Uncertainties in Unmixing of Multi-phase Hyperspectral Data in Reflective Region: Effects of Texture and Fabric

Abstract

The Linear Mixing Model (LMM), based on the assumption of single scattering of light is the most preferred approach to unmix (interpret) hyperspectral data due to its simplicity in implementation. However, in most of the natural situations, the reflection process involves multiple scattering and hence, LMM is not very effective. Therefore, nonlinear spectral unmixing model based on Radiative Transfer Equation (RTE) is necessary to understand the influencing factors and effects associated with shadowing or multiple scattering. The reflected spectrum of two juxtaposed materials is the linear sum of the two individual absorption spectra. However, light reflected off an intimate mixture of particles exhibits a spectra that is a nonlinear combination of the two individual spectra.

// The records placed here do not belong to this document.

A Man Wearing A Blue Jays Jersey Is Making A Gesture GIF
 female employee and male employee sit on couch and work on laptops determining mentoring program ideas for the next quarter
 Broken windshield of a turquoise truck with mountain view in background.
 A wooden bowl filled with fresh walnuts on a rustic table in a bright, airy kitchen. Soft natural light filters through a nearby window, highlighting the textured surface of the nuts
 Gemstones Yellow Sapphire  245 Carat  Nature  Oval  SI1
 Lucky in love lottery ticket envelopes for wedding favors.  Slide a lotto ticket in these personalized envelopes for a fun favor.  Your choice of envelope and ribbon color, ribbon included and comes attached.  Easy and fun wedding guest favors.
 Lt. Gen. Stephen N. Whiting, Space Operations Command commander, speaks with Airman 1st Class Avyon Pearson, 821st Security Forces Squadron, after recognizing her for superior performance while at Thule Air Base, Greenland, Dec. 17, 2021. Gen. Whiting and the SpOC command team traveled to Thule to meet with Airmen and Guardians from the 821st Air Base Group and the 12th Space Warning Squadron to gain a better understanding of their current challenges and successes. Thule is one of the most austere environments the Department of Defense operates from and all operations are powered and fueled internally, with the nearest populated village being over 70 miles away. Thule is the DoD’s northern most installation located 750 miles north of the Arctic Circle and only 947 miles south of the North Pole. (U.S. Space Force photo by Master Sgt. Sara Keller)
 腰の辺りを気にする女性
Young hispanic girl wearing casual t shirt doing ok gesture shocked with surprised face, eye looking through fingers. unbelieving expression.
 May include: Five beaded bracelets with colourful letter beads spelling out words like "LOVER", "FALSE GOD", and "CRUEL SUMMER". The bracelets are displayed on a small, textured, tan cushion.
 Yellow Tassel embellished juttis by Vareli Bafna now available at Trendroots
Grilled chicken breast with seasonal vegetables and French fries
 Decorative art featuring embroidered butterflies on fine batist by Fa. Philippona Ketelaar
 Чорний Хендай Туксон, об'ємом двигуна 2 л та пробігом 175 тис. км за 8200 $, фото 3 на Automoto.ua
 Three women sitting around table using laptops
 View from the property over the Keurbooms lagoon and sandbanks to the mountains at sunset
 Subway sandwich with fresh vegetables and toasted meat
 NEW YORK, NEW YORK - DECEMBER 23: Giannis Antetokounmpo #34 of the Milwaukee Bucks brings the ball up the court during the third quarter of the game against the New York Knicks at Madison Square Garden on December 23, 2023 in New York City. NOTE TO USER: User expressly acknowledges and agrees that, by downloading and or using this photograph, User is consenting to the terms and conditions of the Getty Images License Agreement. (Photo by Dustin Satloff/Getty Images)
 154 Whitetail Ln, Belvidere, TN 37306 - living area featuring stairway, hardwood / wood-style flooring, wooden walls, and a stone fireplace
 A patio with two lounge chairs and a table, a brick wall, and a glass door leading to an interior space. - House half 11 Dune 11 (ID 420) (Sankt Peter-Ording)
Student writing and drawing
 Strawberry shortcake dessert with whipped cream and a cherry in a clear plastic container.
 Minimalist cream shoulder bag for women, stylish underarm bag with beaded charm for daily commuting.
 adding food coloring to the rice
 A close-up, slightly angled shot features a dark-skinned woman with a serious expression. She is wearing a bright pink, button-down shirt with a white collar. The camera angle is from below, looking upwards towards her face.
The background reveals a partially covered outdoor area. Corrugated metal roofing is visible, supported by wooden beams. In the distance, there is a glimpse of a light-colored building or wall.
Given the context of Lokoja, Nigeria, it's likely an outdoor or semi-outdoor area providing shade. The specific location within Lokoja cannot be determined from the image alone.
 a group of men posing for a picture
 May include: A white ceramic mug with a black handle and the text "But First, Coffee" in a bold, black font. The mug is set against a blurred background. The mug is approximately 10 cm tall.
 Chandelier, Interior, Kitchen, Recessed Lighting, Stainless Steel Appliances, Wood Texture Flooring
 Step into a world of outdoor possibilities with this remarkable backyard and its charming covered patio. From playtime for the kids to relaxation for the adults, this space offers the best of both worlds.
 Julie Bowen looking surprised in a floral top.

In this work, we have studied the influence of texture (grain size) and fabric (patterns) on reflectance spectra using RTE based nonlinear unmixing model. For this purpose, three types of geological materials namely basalt, anorthosite, and quartzite representing high, moderate and low albedos were used. Multi-phase reflectance spectra of these rocks were acquired in varying combinations of grain size (2-4 mm, 1-2 mm, and <1mm) and patterns. The complexity of fabric was progressively increased from a three-boundary case to intimate mixture. Bi-directional reflectance spectra for different phase angles were collected using a spectroradiometer mounted on a goniometer setup. Subsequently, salient parameters addressing nonlinearity in Hapke model such as phase function, opposition effect, type of scattering for each combination of texture and fabric were estimated from the iteratively modeled spectra. The condition adopted to evaluate the modeling efficacy is the root mean square error (RMSE) between the measured and modeled spectra. When the desired RMSE (<0.01) is achieved, the iteration process is stopped and Hapke parameters corresponding to the best-fit model were retrieved. Analyses of results indicate that grain size, shape, and the fabric cumulatively influence the Hapke parameters such as Bo, b, and c. This clearly indicates that texture and fabric influence the basic physical properties of light scattering namely opposition effect, phase function, and forward/backward scattering property.